[Start of Attachment]
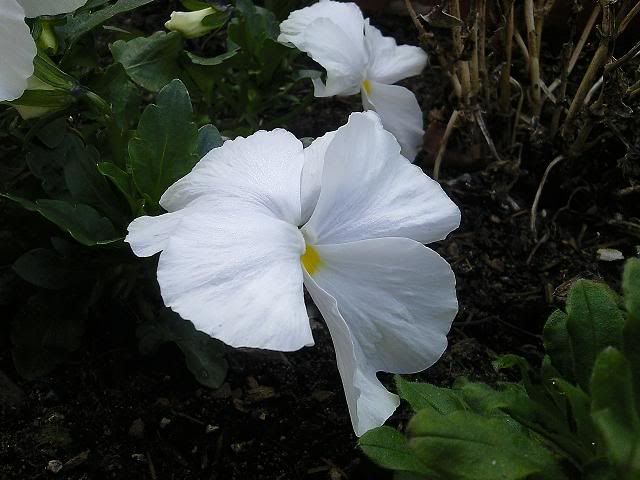 Photo1274.jpg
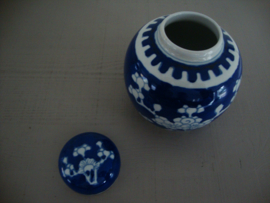 Gemberpotje prunus - blauw wit - VERKOCHT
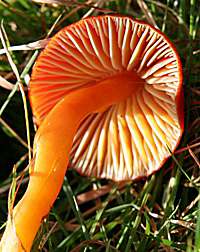 Gills and stem of Hygrocybe splendidissima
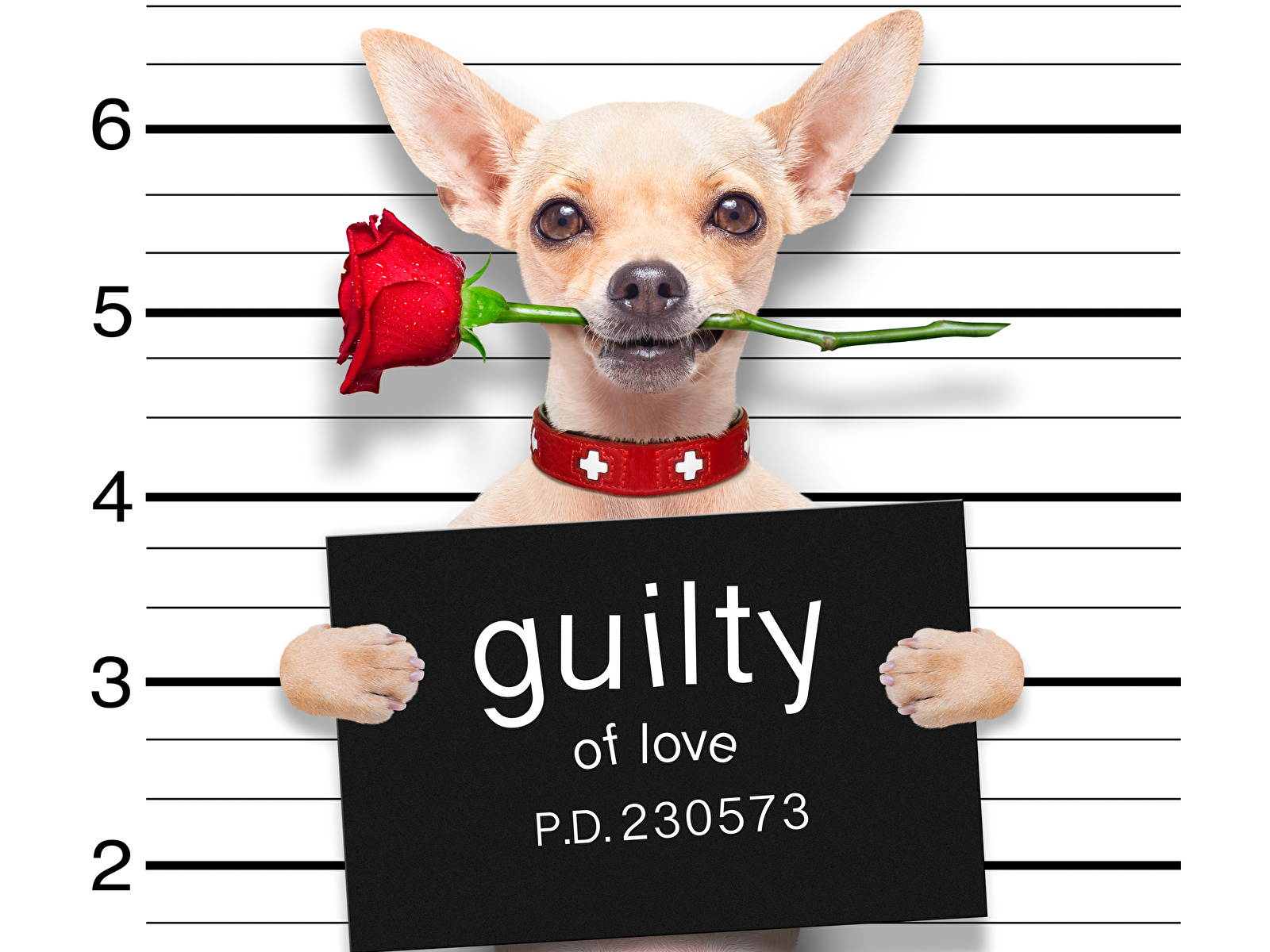 Picture Chihuahua Dogs English Funny Red rose animal White 1600x1200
[End of Attachment]
• [Exercise]: Word for word, reproduce each line from the one with "Gemberpotje prunus - blauw wit - VERKOCHT" through the last line of the material above, both included, and drop the pictures.

• [Reply to the exercise]:
 Gemberpotje prunus - blauw wit - VERKOCHT
 Gills and stem of Hygrocybe splendidissima
 Picture Chihuahua Dogs English Funny Red rose animal White 1600x1200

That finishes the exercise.